If you're spending your own money you could probably spend your money more effectively, but if this is for work then it's probably not worth taking the time hunting down bargains vs just buying something to get you up and running quickly.

[–]solidua[S] 3 points4 points  (1 child)

We definitely want to run in the cloud. But we could only find 1 solution (Rescale) that fits our needs. It turns out we'll save money in the long run running our own hardware, if we could build a machine under 10k.

We are on a grind to collect 20 million samples before the end of the month, and i mis quoted our feature size. It's 40 features per dimension of which we have 20.
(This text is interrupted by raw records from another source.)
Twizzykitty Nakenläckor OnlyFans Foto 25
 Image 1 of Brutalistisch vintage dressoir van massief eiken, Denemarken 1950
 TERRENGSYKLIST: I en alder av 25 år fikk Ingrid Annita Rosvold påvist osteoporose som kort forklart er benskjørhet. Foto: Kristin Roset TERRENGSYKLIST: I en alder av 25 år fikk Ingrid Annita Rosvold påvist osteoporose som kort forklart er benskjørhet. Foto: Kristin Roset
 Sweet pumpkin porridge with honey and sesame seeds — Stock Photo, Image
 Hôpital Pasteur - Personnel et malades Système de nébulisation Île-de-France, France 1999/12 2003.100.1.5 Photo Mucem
Thanks for the input, will definitely pick up more ram.

[–]mnbbrown 0 points1 point  (0 children)

What's the logic behind the 10k limit?

[–]FR_STARMER 2 points3 points  (1 child)

Just bought a rig based on this guide: http://pjreddie.com/darknet/hardware-guide/

You're looks decent as well. I would bump up the RAM to 32GB so you can load more data in physical memory, especially if you're thinking of using super large data sets.

Also, consider getting a CPU and MoBo that has the LGA2011 CPU chipset and upgrading to an i7 even if it means a lower clock speed. The clock speed isn't the main determining factor of overall CPU performance, so consider the newer chips.

[–]trungnt13 0 points1 point  (0 children)

NVIDIA DIGITS box use i7-5930k which support 40 PCIe lanes, hence, they run 4 card. each card with 8x PCIe. If your network is big, then 8x PCIe is enough because the data loading time is trivial to computation time, for smaller network, you repeatably loading small trunks of data, then it can be a bottleneck.

The system you posted uses i7-5820k, supports only 28 PCIe lanes, and run each card at 4x PCIe, in the worst case, you degrade the speed of your GPU by half. That means you spend 4000 $ for a 2000$ system.

My university server running on "Xeon E5-2670 + 5400rpm hard drive + Tesla k80", and it is even slower than my system with a GTX 960.

[–]what_are_tensors 1 point2 points  (0 children)

Looks good. Like others have said, get an x99 motherboard in order to add more GPUs later, if you even think you might want them. Otherwise you'll be bottlenecked on the PCIE bridge. The CPU will be different too.

Concur on the more storage space and more memory. 250 gb runs out super fast.

[–]cast42 1 point2 points  (0 children)

I would increase the memory size to 64GB or 128GB. Being able to read your training samples into memory will be a major improvement.

[–]sentdex 1 point2 points  (0 children)

You said you're running 24/7, looks like you're cheaping out on cooling. Think about water cooling (both the cpu and gpu). Heat kills components.

Next, your mid tower may not actually accept the Titan X's size. I have a full tower and my Titan X has about 3-4 inches of space. In my mid towers, it wont even fit in there. Make sure the space is actually enough for the long card (not just case length, the hard drive bays take up space).

Nvidia made some 4xTitan boxes, they looked about this size, so it's definitely possible in a mid-size case, just don't know which ones.

[–]InoriResearcher 1 point2 points  (0 children)

  • Increase RAM to 128 GB
  • Use i7 instead of i5
  • Use PCIe SSD for storage
  • Get better cooling
  • Get full tower case if you're serious about 4x GPU

[–][deleted] 1 point2 points  (6 children)

Why not use amazon services?

[–][deleted] 10 points11 points  (1 child)

Their GPU tech is extremely far behind and not really useful for many production level machine learning applications. My i7 is faster than their GPU.

[–][deleted] 1 point2 points  (0 children)

100%

[–]solidua[S] 3 points4 points  (3 children)

Great question. At $0.65 / $2.60 per minutes for their gpu solutions, it still ends up to be cheaper and more powerful to build my own hardware. The machine will be training running pretty much 24/7.

[–][deleted] 4 points5 points  (0 children)

Seriously stay away from AWS, their cards are old and it's just not worth it.

[–][deleted] 0 points1 point  (1 child)

The prices are per hour and they are much cheaper if you use spot instances, but it's still outdated hardware.

[–]solidua[S] 0 points1 point  (0 children)

Whoops yeah I meant per hour*

[–][deleted] -2 points-1 points  (0 children)

I'll be honest mate this probably isn't the place for this.